A room is...gratuitous. If I take a room, by my logic, somebody else will lose a room. Not anyone who lives in the house, mind you. But someone, somewhere - maybe those out of town guests I keep expecting - will not have a place to lay their weary heads. Worse, what if 'Crazy Uncle Earl' finally gets out of the halfway house and needs a place to crash for a few weeks while he 'gets his head together'? He might come wandering in, take one glance at my lilac painted walls, and high-tail it out of there faster than you can say rehabilitation. This could have been his one chance to really clean up but instead he's back in recovery and everyone in the family will hate me. Just because I took the room.
Okay. I'm crazy. After laying out all of my reasons on paper, they do seem a bit bizarre. But even so, having my very own room did not seem to mix with my feminine sensibilities. After all, I am the woman of the house, mistress of my domain. I have an entire home I can write in and there are numerous rooms - the kitchen, the living room, the guest bathroom - that already belong to me (at least according to the laws of who gets to clean them). But the moment I sit down to write in any of these afore mentioned rooms, the energies of my surroundings call out to me.
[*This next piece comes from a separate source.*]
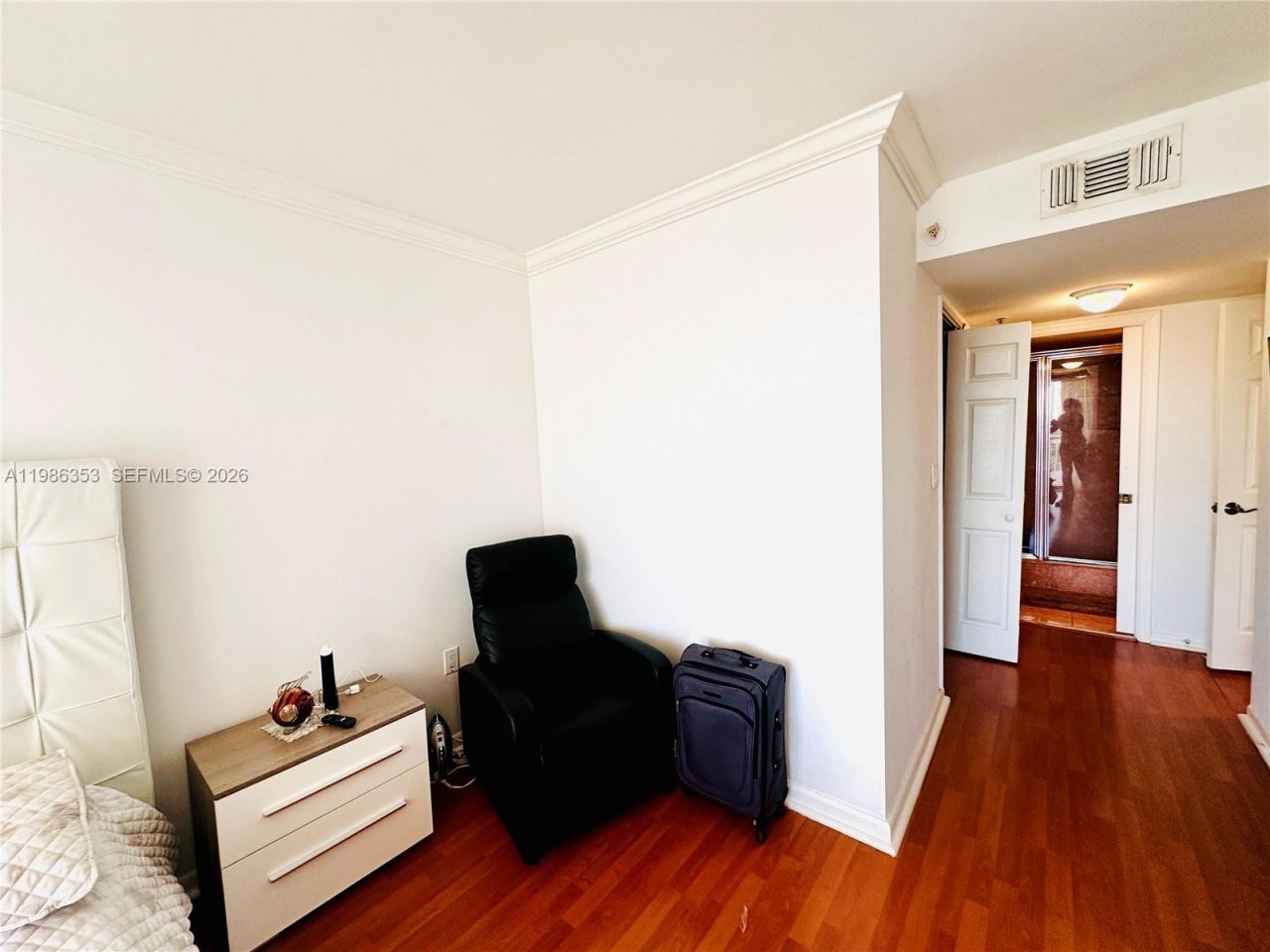 210 174th St , Unit 1104, Sunny Isles Beach, FL 33160 Photo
April...what are you doing? Clean something. Cook something. Sort something. You can't possibly write a story until all the condiments in your refrigerator are alphabetized, can you?
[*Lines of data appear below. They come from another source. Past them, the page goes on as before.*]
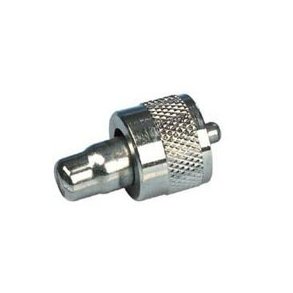 ADAPTER PL259 HAN/PHONO HUN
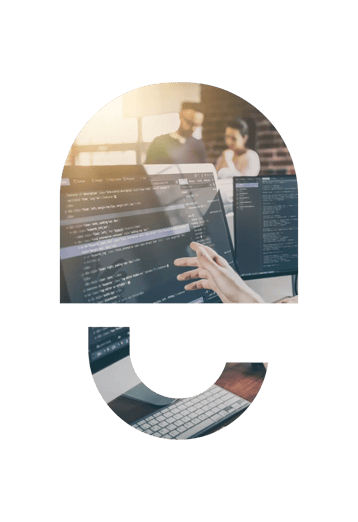 industry_experts_tech_gdpr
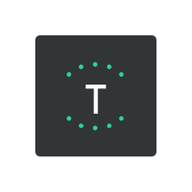 Acciones ordinarias de Twist Bioscience Corporation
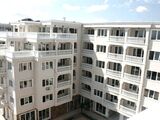 Купить недвижимость в Болгарии, комплекс Жилой комплекс Lifestyle Deluxe - Несебр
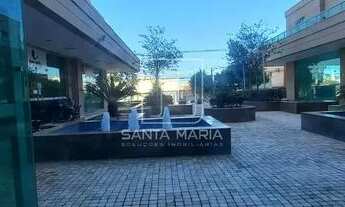 Imagem 5: Sala comercial (sala - terrea independente) , em condomínio fechado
Inevitably, I leave my laptop for a nooner with Mr. Clean.
It wasn't until my mother, bless her heart, suggested I claim a room for myself that I had even considered this a real option. "Your husband has his mancave, you need to make a space for yourself." Hearing this from my mother was shocking. She had been raised in the 1950's and was chairwoman of the Women's Martyr Committee.
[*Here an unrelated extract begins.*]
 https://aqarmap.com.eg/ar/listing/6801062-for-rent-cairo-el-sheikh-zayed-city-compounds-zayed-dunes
"What will the neighbors think?" I whispered as we conspired in a booth at Denny's.
"Dear, the neighbors won't even know."
And suddenly I was freed. My mother and I got to work, converting a room used for bin storage into a space that was feminine, quiet, and all mine. I decorated the walls with old photos I had stored in the garage. Childhood dolls I had long since abandoned were resurrected on a thin, white shelf that ran the perimeter of the room. Old poems I had written and books I had cherished were stacked and scattered in places to remind me of the beauty and the power of words.
I had my room. My very own room. I was liberated.
I discovered something as I removed the junk and replaced it with treasures. All women should have a room of their own, not only to write, but to live; A space to remind them that they are more than employees, mothers, and wives. We allow our husbands and our children to have their space, but we often sacrifice ours. Why?
Now my room, my beautiful room, is the most inviting place in the house. I write here. I read here. I hide here. I live here. My husband often wanders in and I sweetly send him back to the pit he created for himself in the den. The focus, in this sanctuary, is on me. And it will only help me be a better wife, mother, daughter, friend, and writer, when I need to face the world.